TIO: What does management as a component of the standard of care for myopia management suggest to you? How do you put that into practice?
Dr. Ankit: Myopia management involves more than refractive error correction. It begins with educating parents on myopia’s developmental growth and its short- and long-term impact, followed by advice on the visual environment, such as increasing outdoor time and limiting screen time, and finally, choosing the best optical intervention for the child to correct and slow myopia growth.
TIO: At what age do you suggest initiating a myopia management intervention with a child? What factors influence your decision-making?
Dr.
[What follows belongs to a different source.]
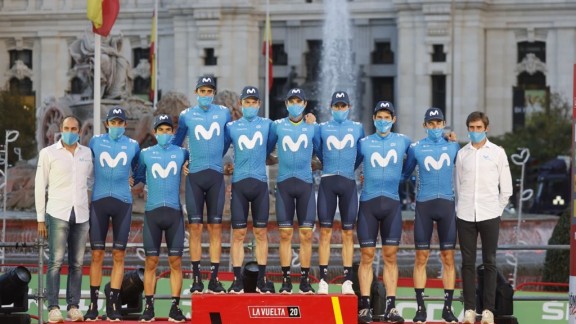 Jorge Arcas termina con podio su tercera Vuelta a España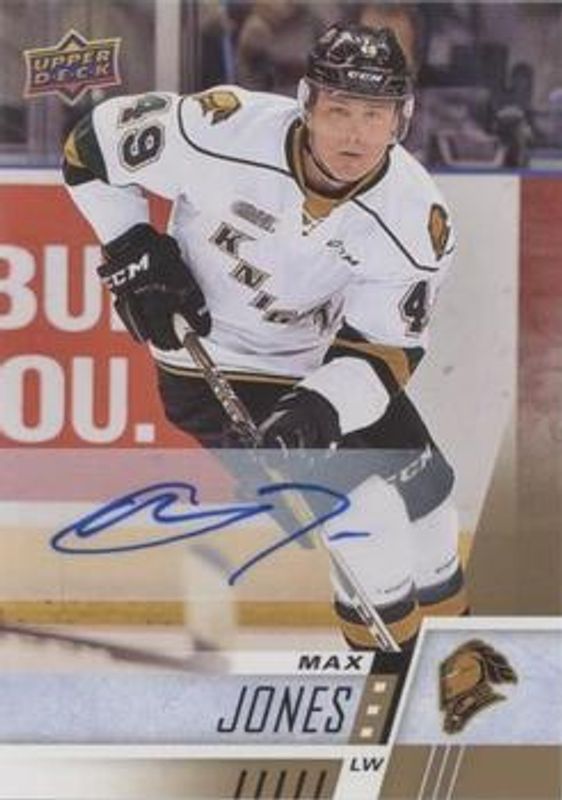 2017 Upper Deck CHL #3 Autographs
Ankit: Starting myopia management as soon as a child develops myopia, regardless of age, is recommended because myopia increases more quickly around the time of onset and progresses faster in younger children, leading to higher levels of myopia in adulthood. It’s important to have a variety of interventions available that match the child’s circumstances and lifestyle at different life stages. Traditional myopia correction methods such as single-vision spectacles or contact lenses are not recommended for children under 15 who are at risk of developing myopia.
TIO: How do you determine which myopia management intervention is most appropriate for each patient?
Dr. Ankit: Interviewing parents about their children’s lifestyle is crucial to evaluating the most effective myopia management strategy. This helps determine if the child will comply with the recommended approach. Myopia control glasses are used when single-vision contact lenses are ineffective, and 0.01% atropine is prescribed by an ophthalmologist to slow the progression of myopia. However, this treatment is generally only available to affluent families in India.
TIO: What circumstances can cause you to reconsider your myopia management intervention choice?
Dr. Ankit: To control myopia growth, a switch or combination of management options may be necessary. Combining atropine with other methods has shown positive results. Non-compliance may require me to change to a more suitable option or stop intervention altogether. If a poor response or side effects occur, it’s advisable to change or terminate the intervention.
TIO: When do you normally consider discontinuing your myopia management method, and how do you follow patients once the intervention has ended?
Dr. Ankit: Most myopes stabilise by age 18, but some may continue to progress into their twenties. Effective management techniques are important, and the consequences of stopping should be considered, including the need for continued vision correction. After stopping, the patient’s vision and comfort should be assessed, and continuous monitoring of eye health should be emphasised.
TIO: Finally, what does early prevention mean to you as part of the standard care for myopia management? How do you put it into action in your practice?
Dr. Ankit: Coming from a family of eye care professionals (ECPs), I had “traditionally” practiced myopia correction, so making the transition to myopia management as a standard of treatment was difficult. As the saying goes, everything unique needs time to be accepted. In my efforts to make this shift, I’ve encountered a lot of “wait and watch” mindsets.
In 2020, my practice became focused on myopia management, and the greatest challenge now is getting children to come in for eye exams. To encourage more visits, I urge adult patients to bring their children for exams and use social media and articles in local media to promote paediatric eye care.